### [DATA RECORDS]
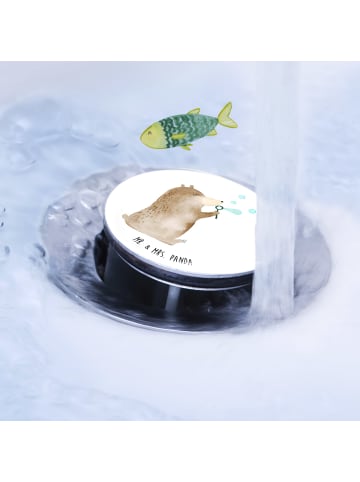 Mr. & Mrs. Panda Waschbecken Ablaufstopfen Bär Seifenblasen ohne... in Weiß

* * *

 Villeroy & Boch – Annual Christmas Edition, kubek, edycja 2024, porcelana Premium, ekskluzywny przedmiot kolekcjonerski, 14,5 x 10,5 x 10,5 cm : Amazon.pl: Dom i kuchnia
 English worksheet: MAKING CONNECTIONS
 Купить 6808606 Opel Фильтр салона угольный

### [PROBLEM TO WORK ON]
Out of the entries above, write out only the lines between the line holding "Villeroy & Boch" and the line holding "Купить 6808606 Opel Фильтр салона угольный", inclusive, each exactly as given.

### [ANSWER TO THE PROBLEM]
 Villeroy & Boch – Annual Christmas Edition, kubek, edycja 2024, porcelana Premium, ekskluzywny przedmiot kolekcjonerski, 14,5 x 10,5 x 10,5 cm : Amazon.pl: Dom i kuchnia
 English worksheet: MAKING CONNECTIONS
 Купить 6808606 Opel Фильтр салона угольный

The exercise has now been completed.